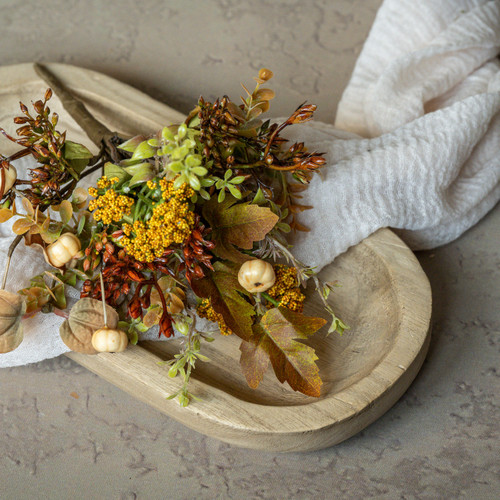 9.5" FALL BERRY & PUMPKIN MINI BUSH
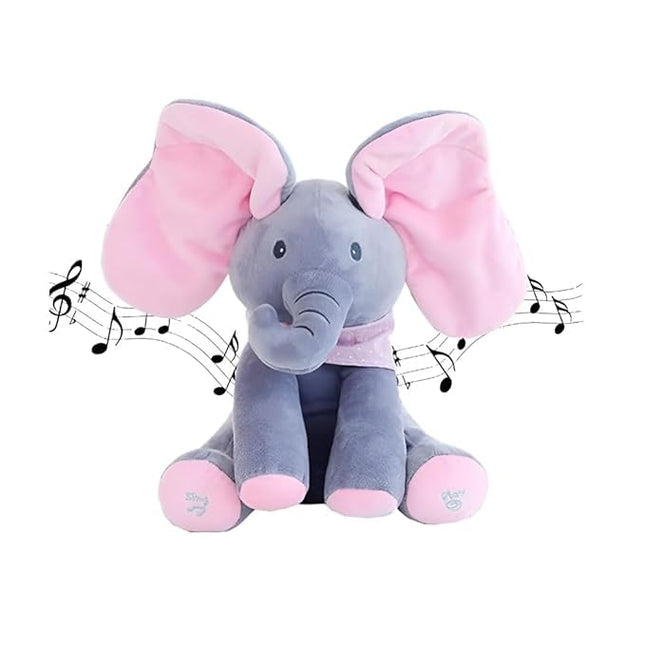 Peek A Boo Elephant Plush Toy for Babies & Kids, Musical Stuffed Animal with Moving Flappy Ears, Interactive Singing Soft Toy for Toddlers, Cuddly Gift for Birthday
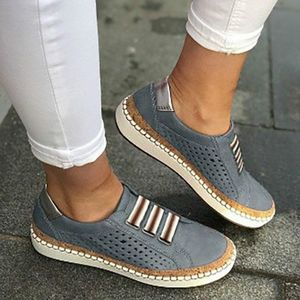 Dames sneakers ademende flats schoenen  maat: 42 (blauw)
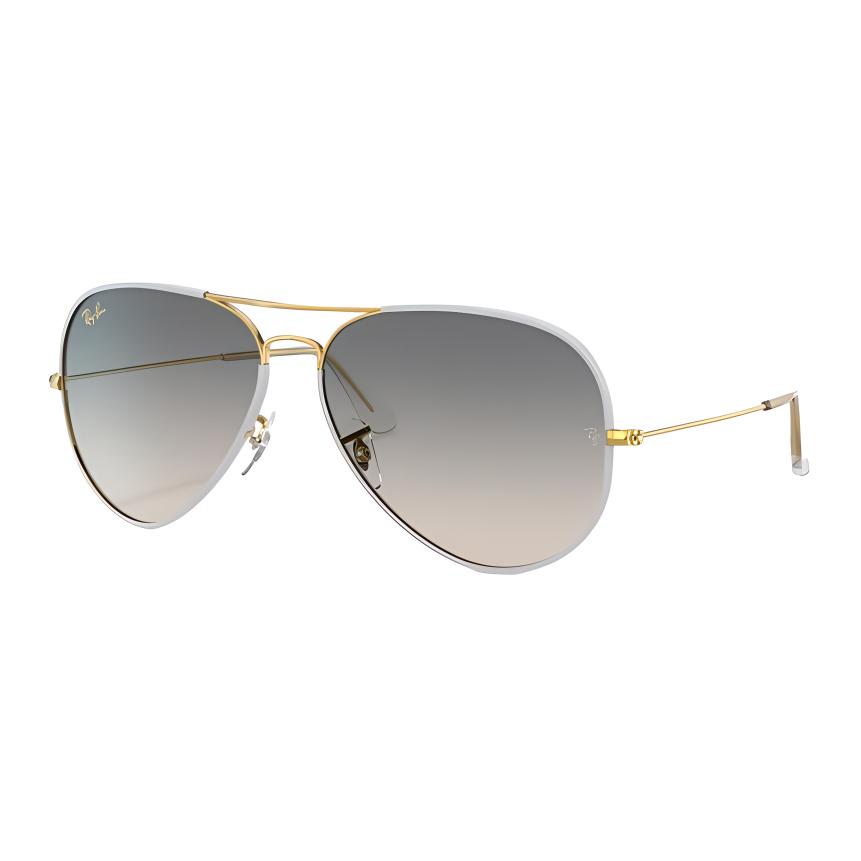 RayBan Color-blocking styling design Metallic aviator sunglasses Unisex Couple Gold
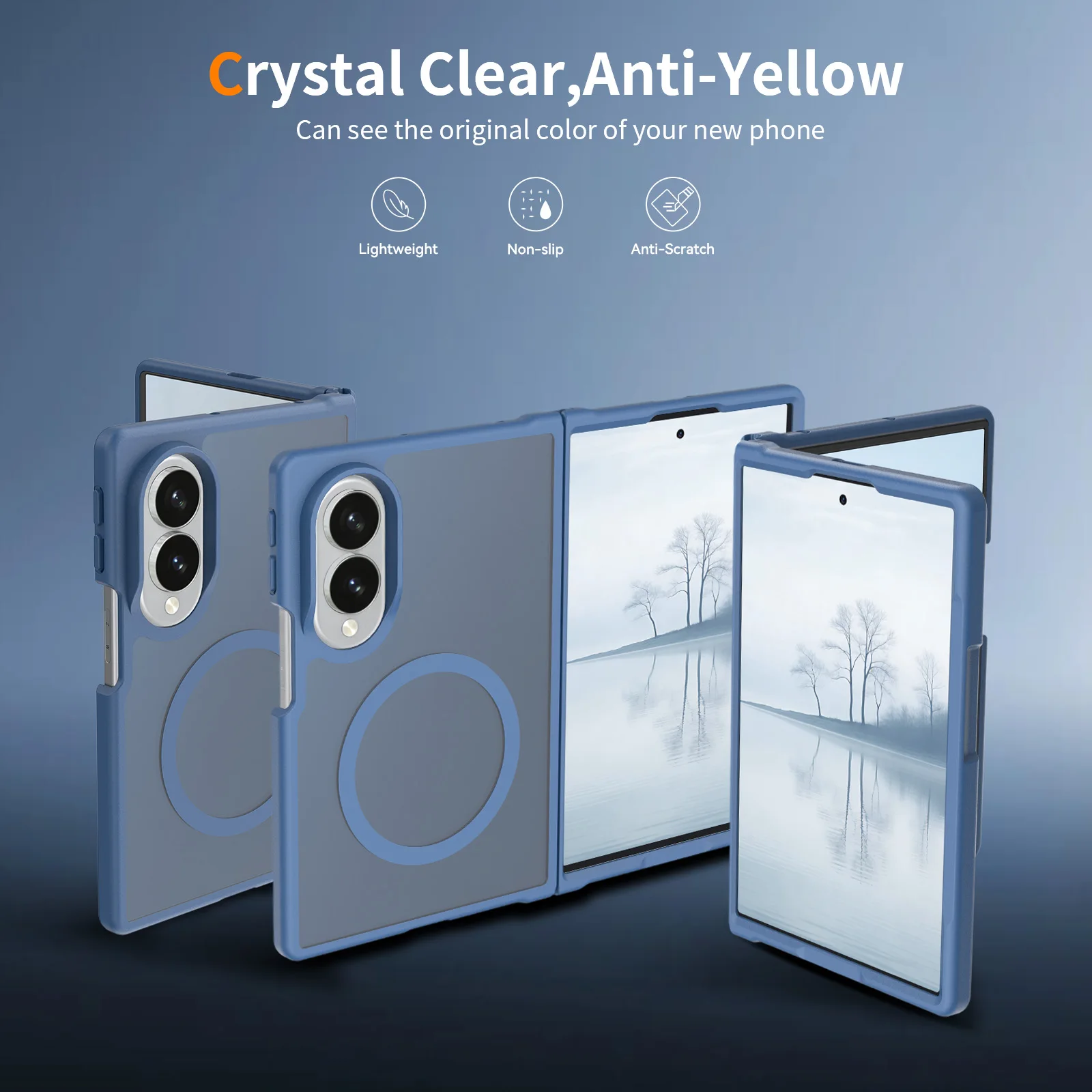 product luxury phone case for samsung galaxy z fold 8 wide magnetic soft matte clear covers shockproof cases hard pc protections-6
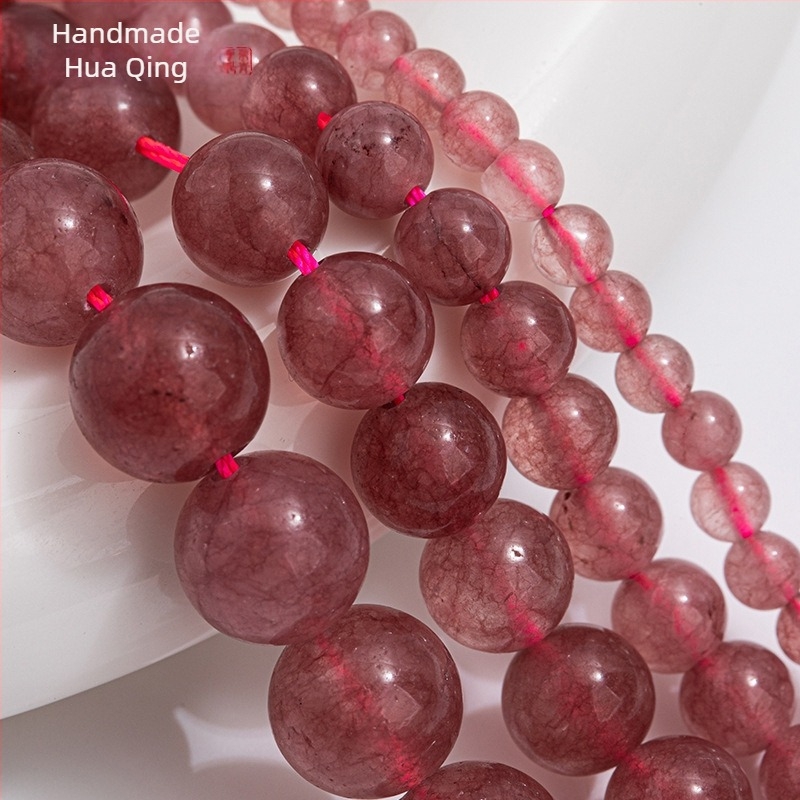 Mărgele pentru bijuterii DIY - Piatră naturală, model crystal căpșună, mărgele libere, tăiere, șlefuire și lustruire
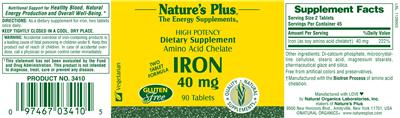 Photo of the Nature's Plus High Potency Amino Acid Chelate Iron 40 mg label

+-------+

## Action item
In your reply, every line of the material should appear exactly as written, and no picture should.

## Problem solution
 9.5" FALL BERRY & PUMPKIN MINI BUSH
 Peek A Boo Elephant Plush Toy for Babies & Kids, Musical Stuffed Animal with Moving Flappy Ears, Interactive Singing Soft Toy for Toddlers, Cuddly Gift for Birthday
 Dames sneakers ademende flats schoenen  maat: 42 (blauw)
 RayBan Color-blocking styling design Metallic aviator sunglasses Unisex Couple Gold
 product luxury phone case for samsung galaxy z fold 8 wide magnetic soft matte clear covers shockproof cases hard pc protections-6
 Mărgele pentru bijuterii DIY - Piatră naturală, model crystal căpșună, mărgele libere, tăiere, șlefuire și lustruire
 Photo of the Nature's Plus High Potency Amino Acid Chelate Iron 40 mg label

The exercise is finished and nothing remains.